Top of Source data
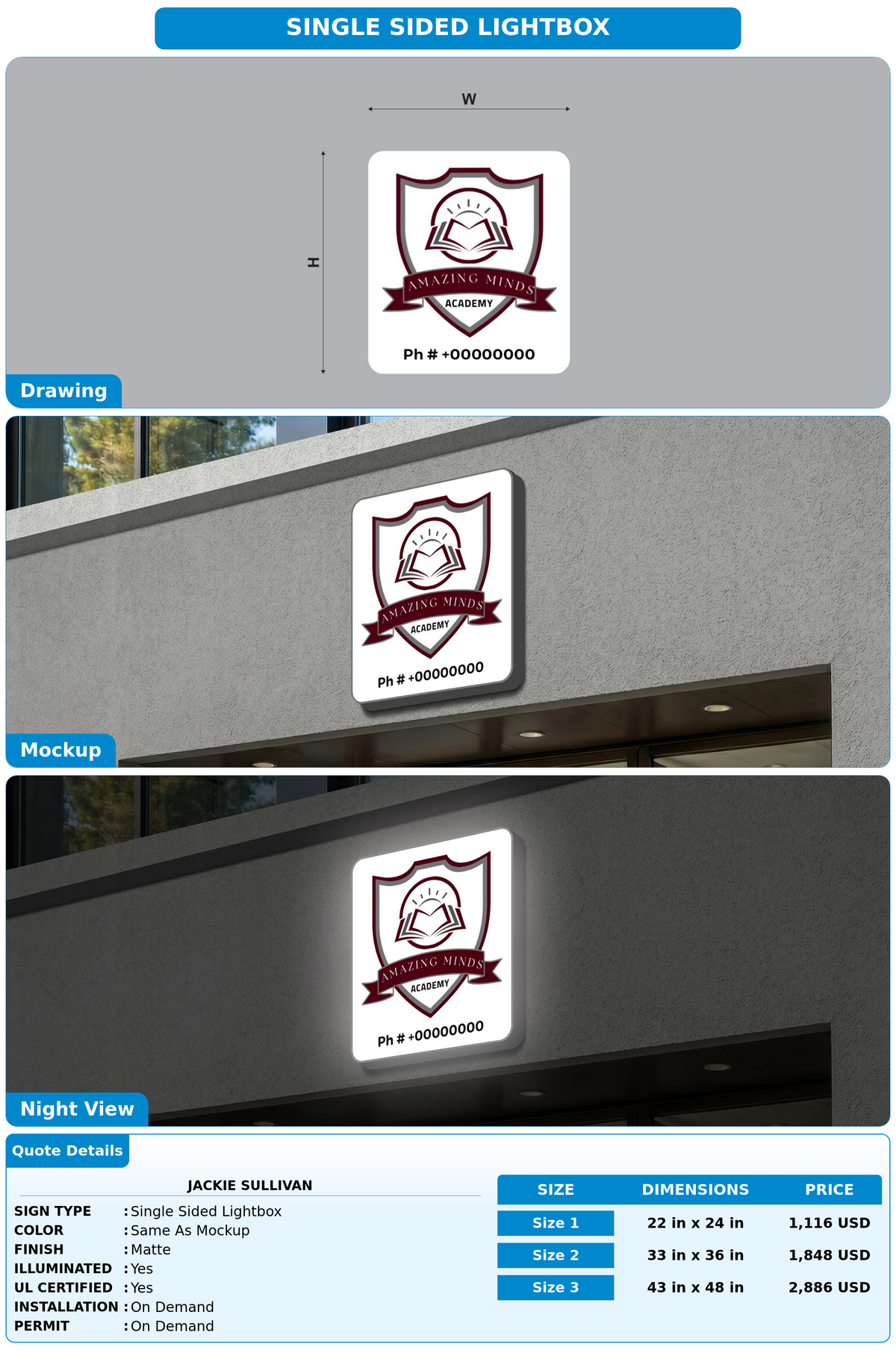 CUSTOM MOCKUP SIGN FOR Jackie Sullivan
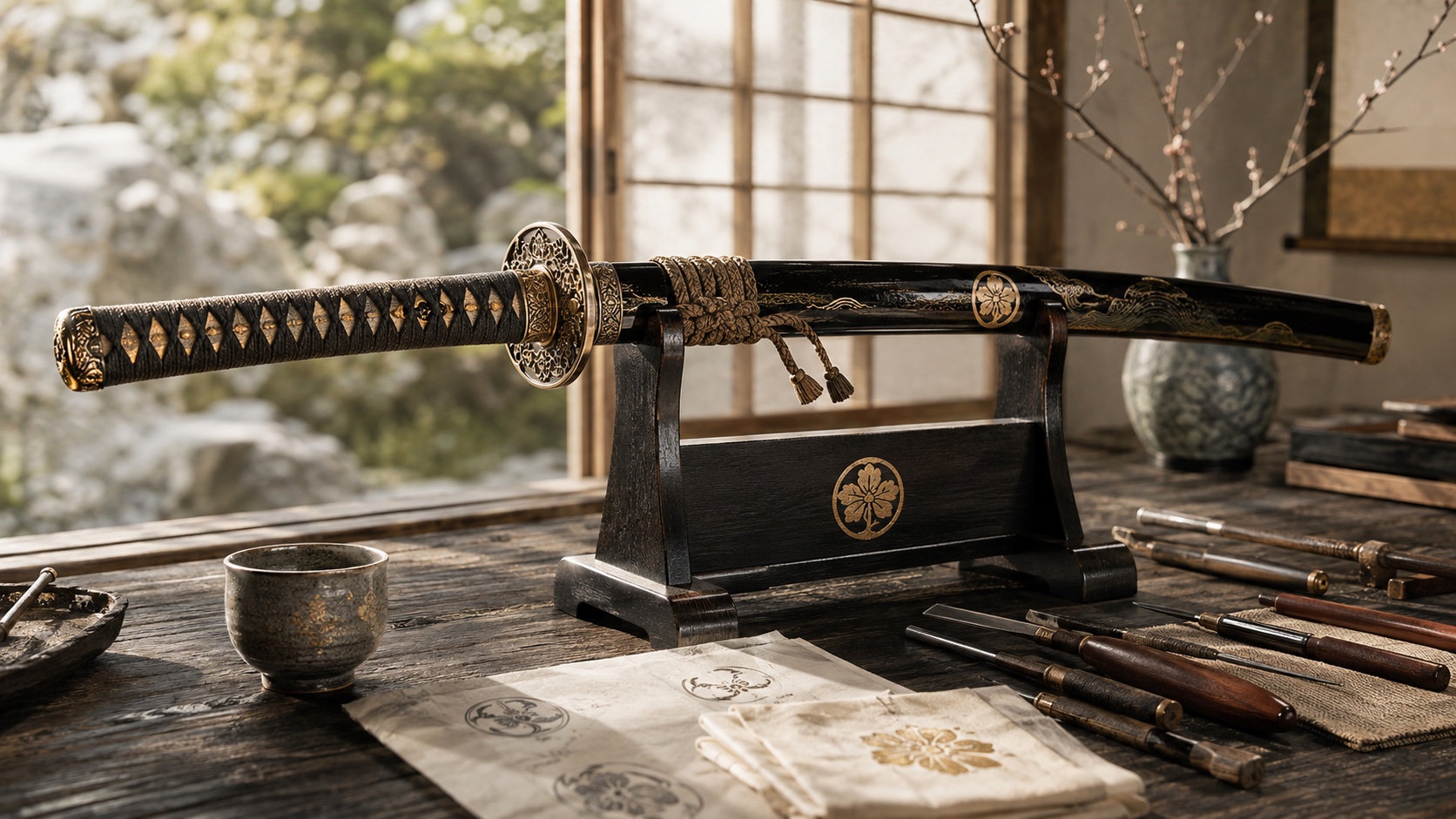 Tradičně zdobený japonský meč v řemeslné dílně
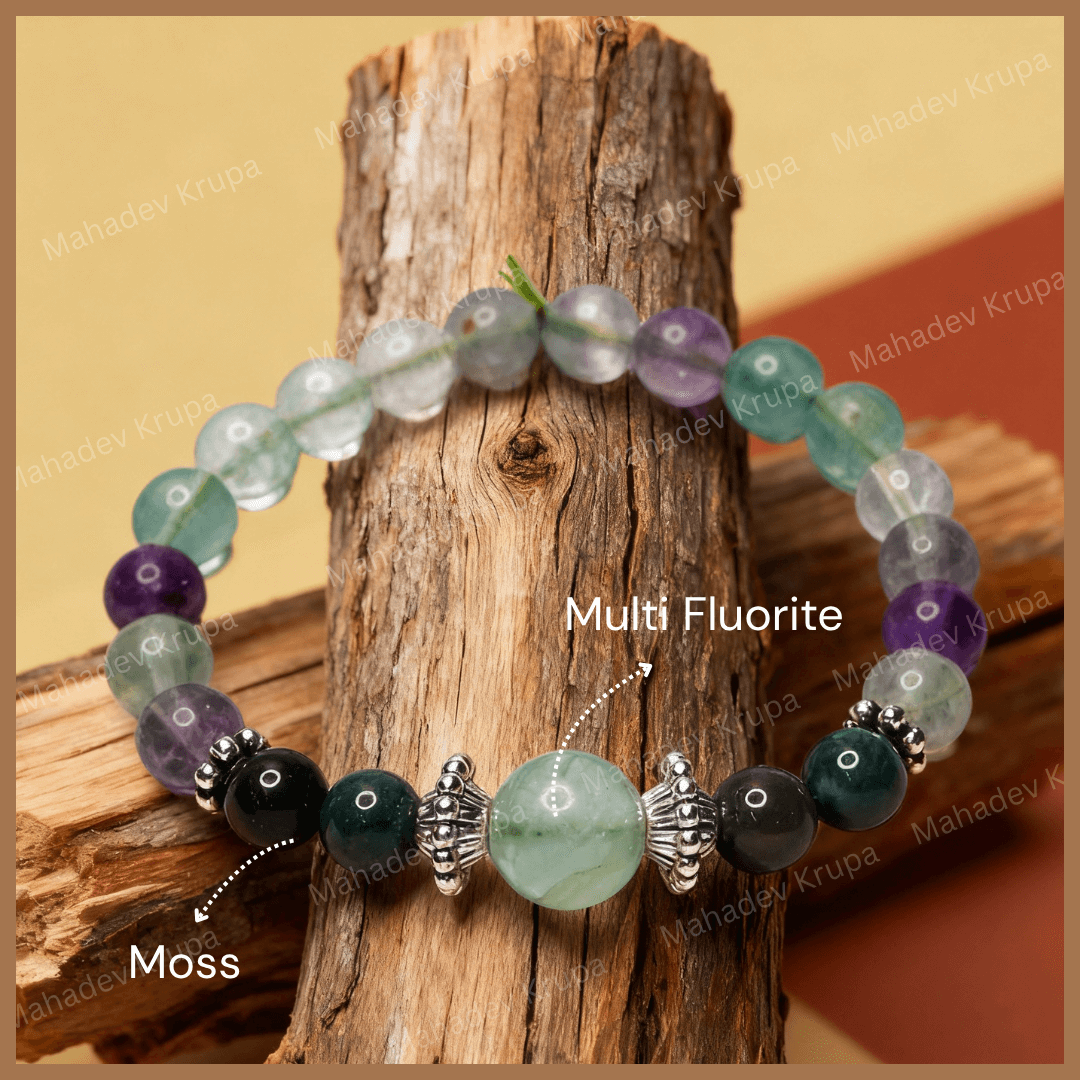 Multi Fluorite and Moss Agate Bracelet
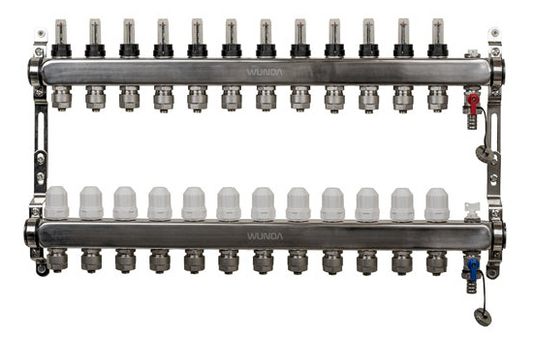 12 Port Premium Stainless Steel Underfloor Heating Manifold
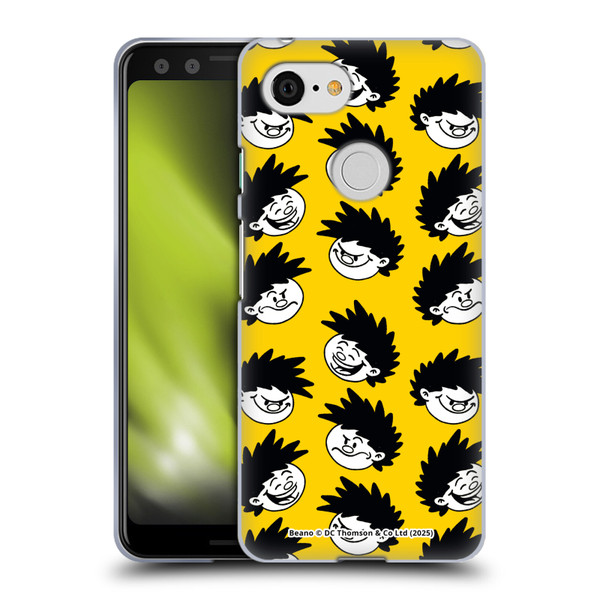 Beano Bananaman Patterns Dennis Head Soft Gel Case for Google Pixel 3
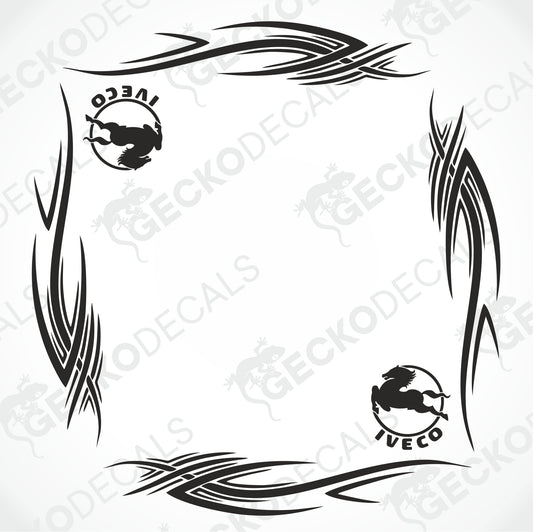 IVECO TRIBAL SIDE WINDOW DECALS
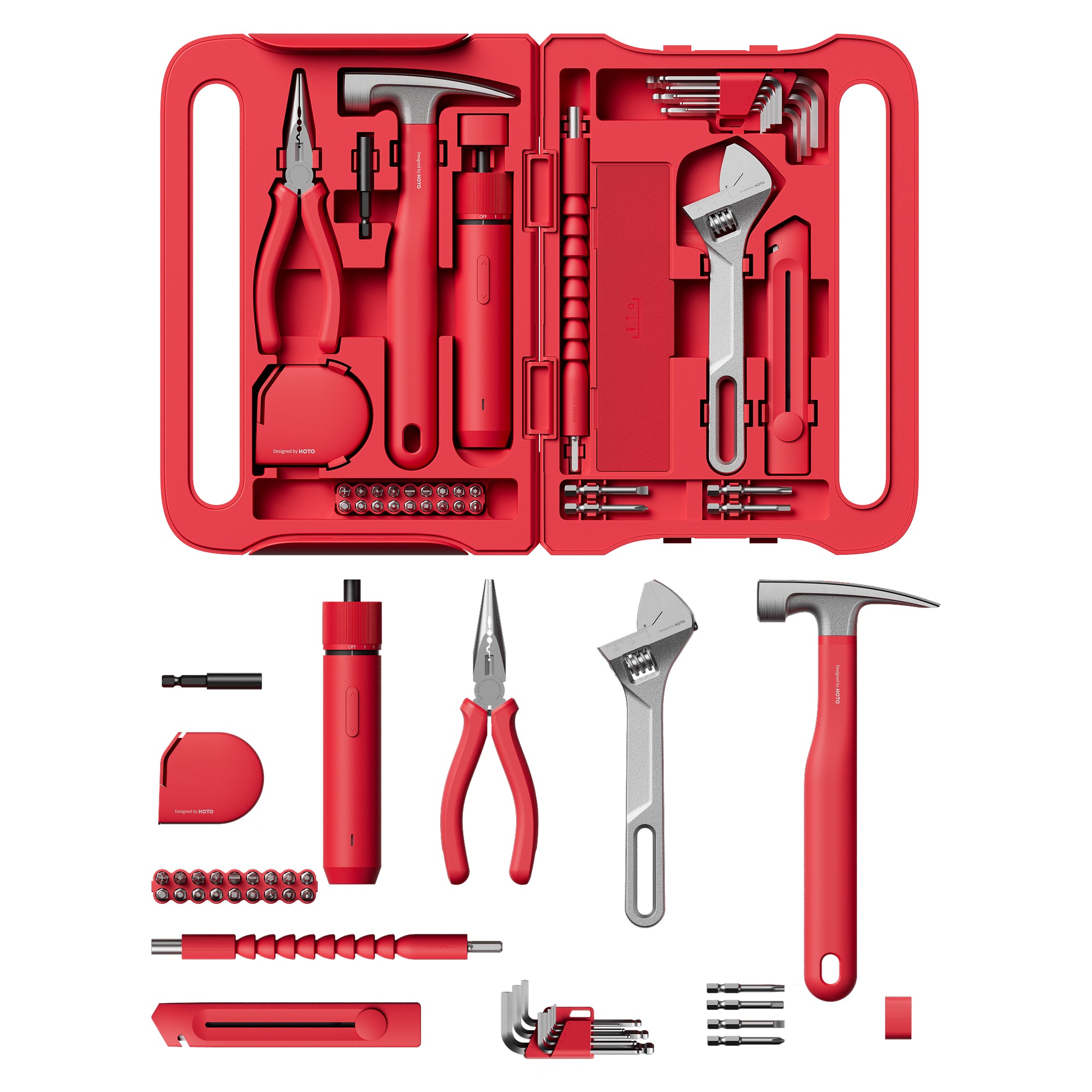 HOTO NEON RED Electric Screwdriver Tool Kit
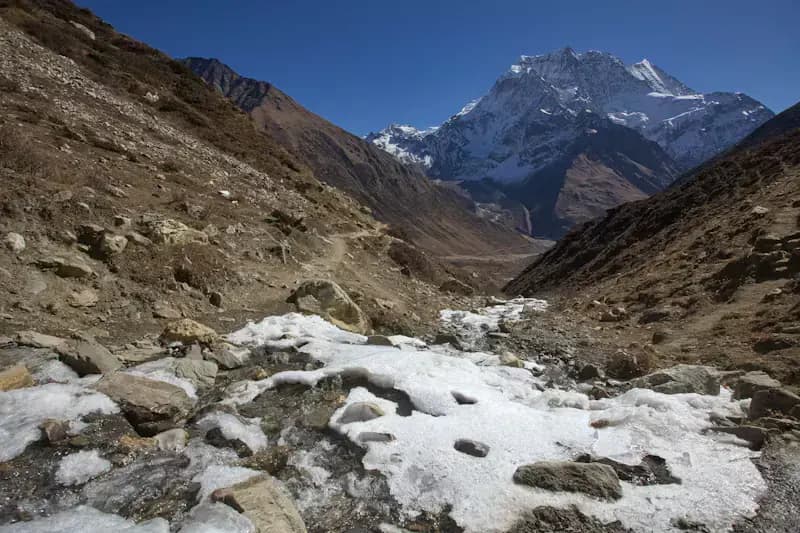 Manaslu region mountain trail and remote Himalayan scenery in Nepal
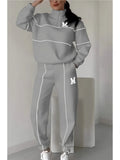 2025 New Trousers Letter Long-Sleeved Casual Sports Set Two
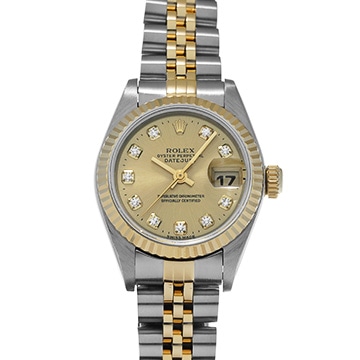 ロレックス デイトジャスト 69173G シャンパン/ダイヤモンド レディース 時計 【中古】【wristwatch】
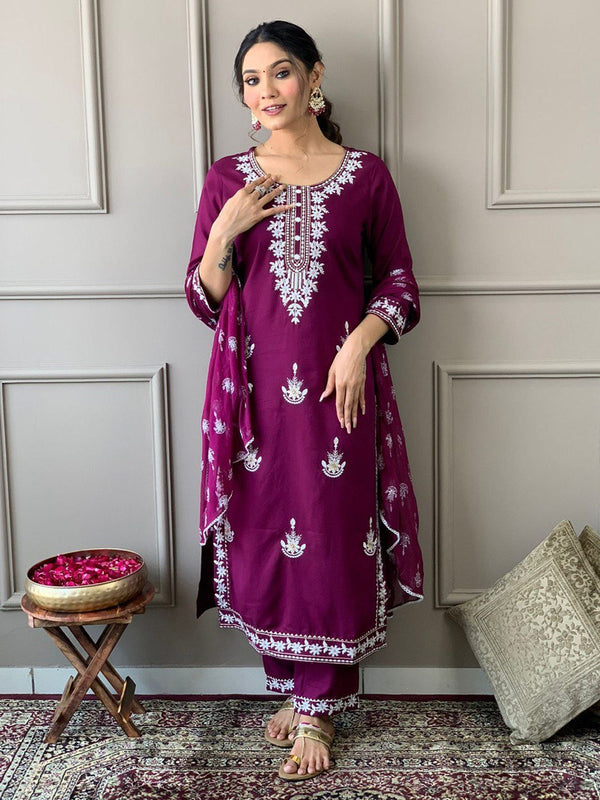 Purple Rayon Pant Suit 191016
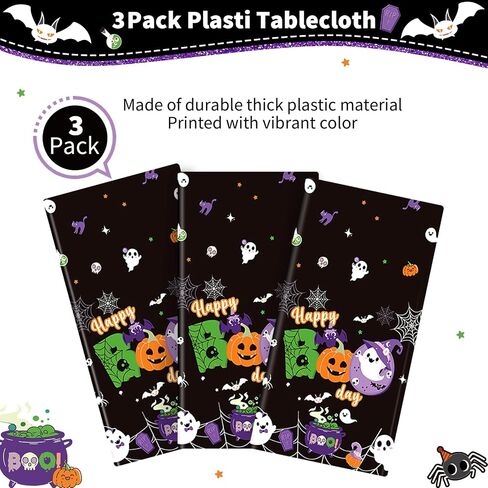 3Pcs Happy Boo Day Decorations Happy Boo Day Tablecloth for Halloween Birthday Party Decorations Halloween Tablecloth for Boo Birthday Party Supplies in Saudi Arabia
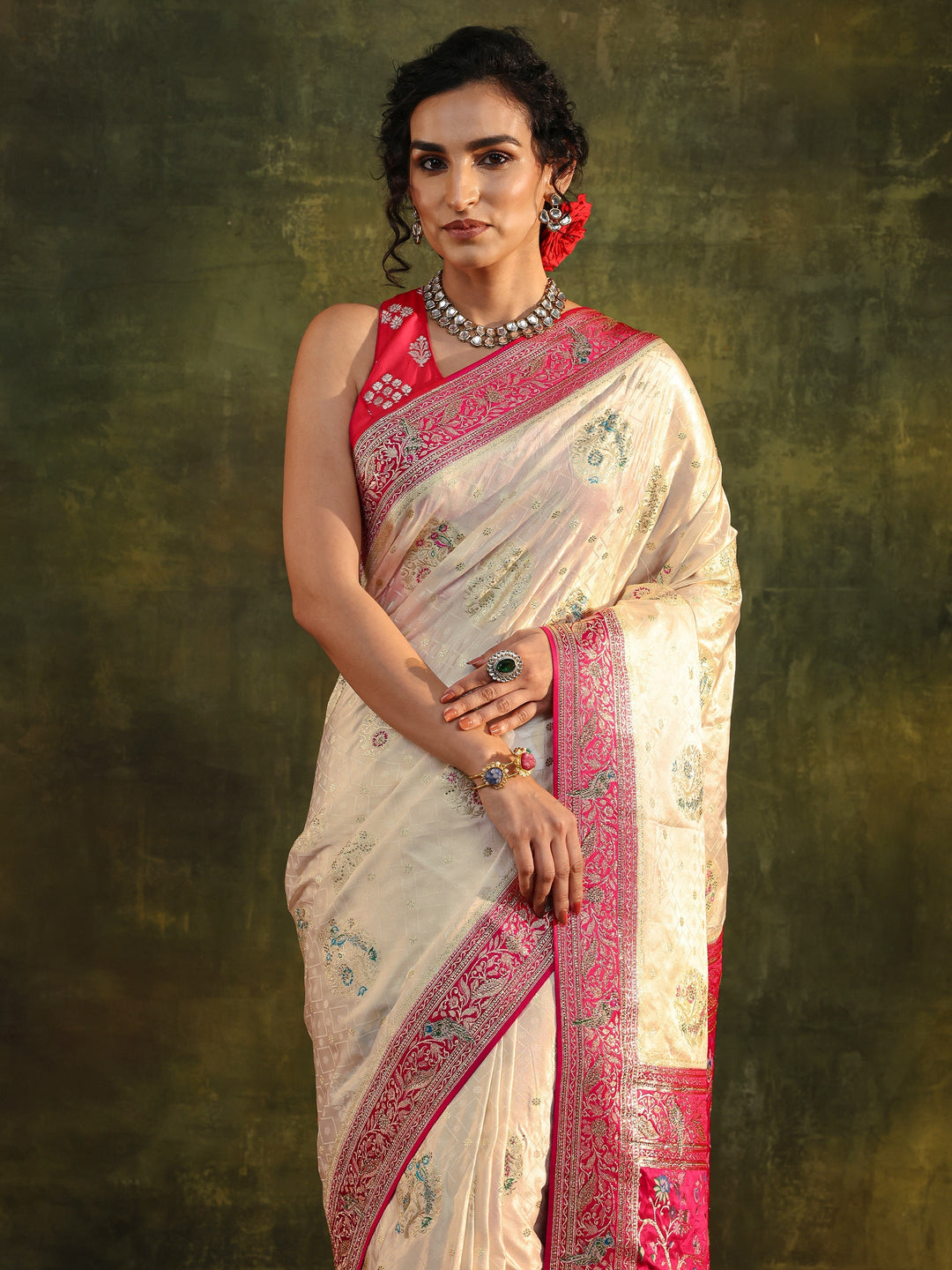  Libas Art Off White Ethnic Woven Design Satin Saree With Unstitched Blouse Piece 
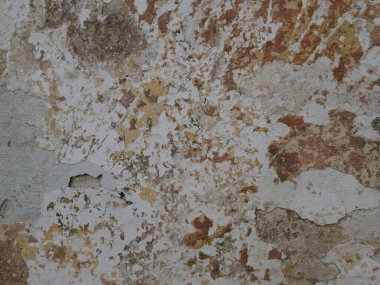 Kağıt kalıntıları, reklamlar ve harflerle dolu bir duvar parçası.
Bottom of Source data
** Exercise goal **
Print, word for word, the lines above that run from the line containing "Tradičně zdobený japonský" to the line containing "Manaslu region mountain", both included. Keep the pictures out.

** Solution below **
 Tradičně zdobený japonský meč v řemeslné dílně
 Multi Fluorite and Moss Agate Bracelet
 12 Port Premium Stainless Steel Underfloor Heating Manifold
 Beano Bananaman Patterns Dennis Head Soft Gel Case for Google Pixel 3
 IVECO TRIBAL SIDE WINDOW DECALS
 HOTO NEON RED Electric Screwdriver Tool Kit
 Manaslu region mountain trail and remote Himalayan scenery in Nepal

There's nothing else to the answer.